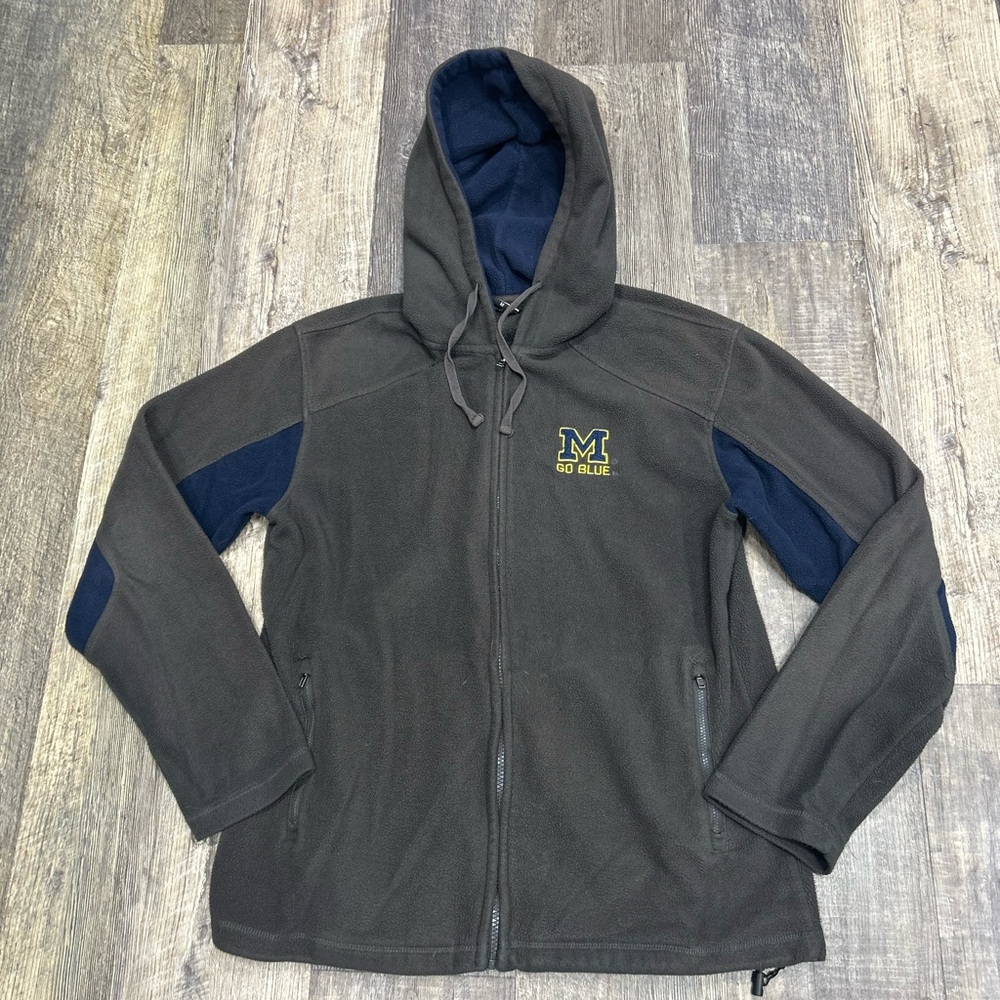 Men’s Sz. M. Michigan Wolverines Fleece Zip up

___

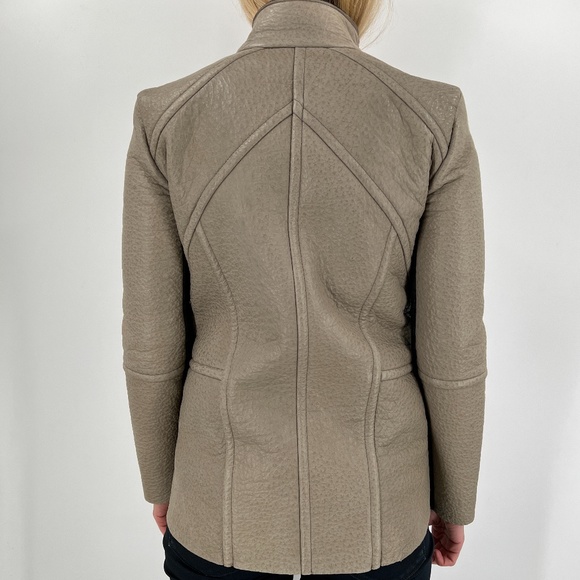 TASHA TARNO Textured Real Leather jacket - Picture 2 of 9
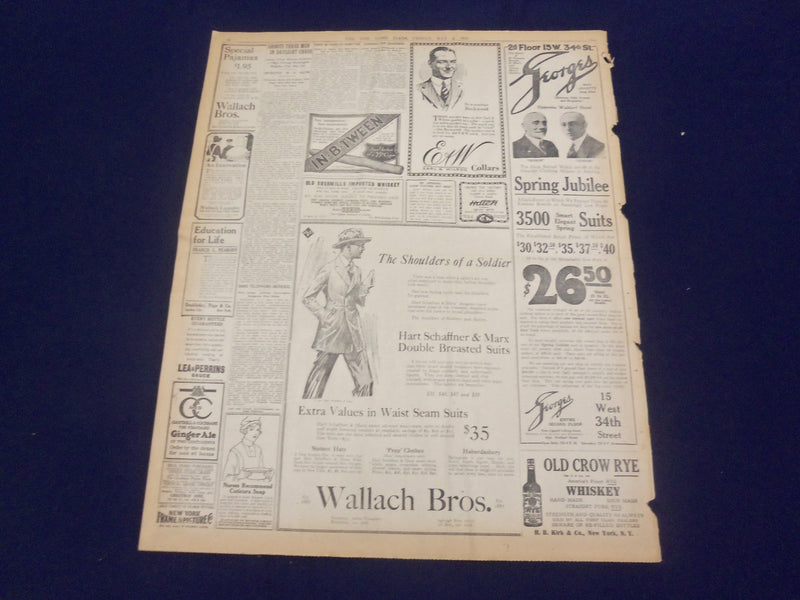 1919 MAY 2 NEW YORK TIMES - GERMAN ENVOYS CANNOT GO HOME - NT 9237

___

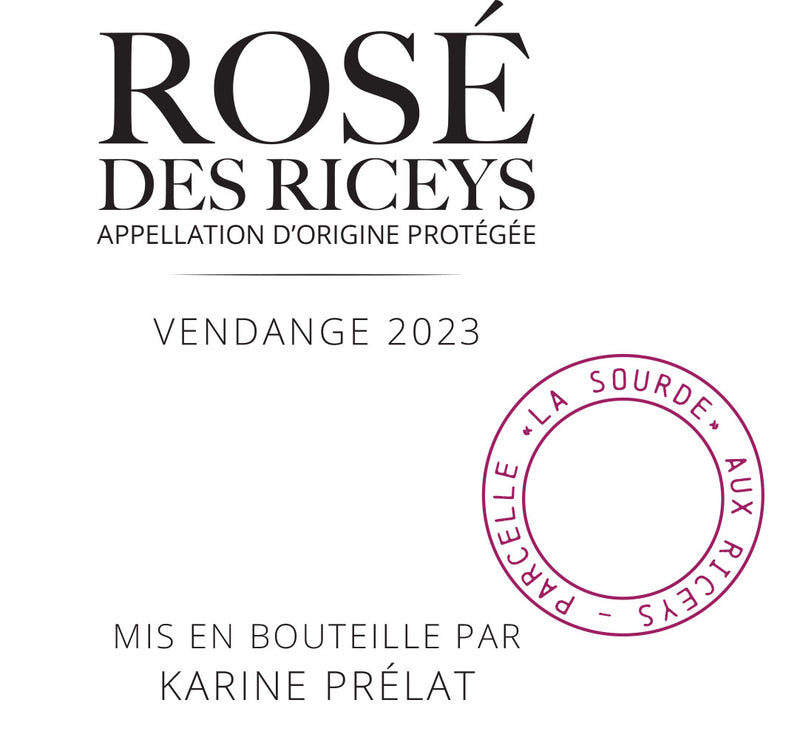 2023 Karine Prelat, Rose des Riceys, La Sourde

___

→ **The problem**:
Output only the lines above from the line that holds "TASHA TARNO Textured" through the line that holds "1919 MAY 2 NEW", both ends included, and exclude pictures.

→ **Exercise answer**:
 TASHA TARNO Textured Real Leather jacket - Picture 2 of 9
 1919 MAY 2 NEW YORK TIMES - GERMAN ENVOYS CANNOT GO HOME - NT 9237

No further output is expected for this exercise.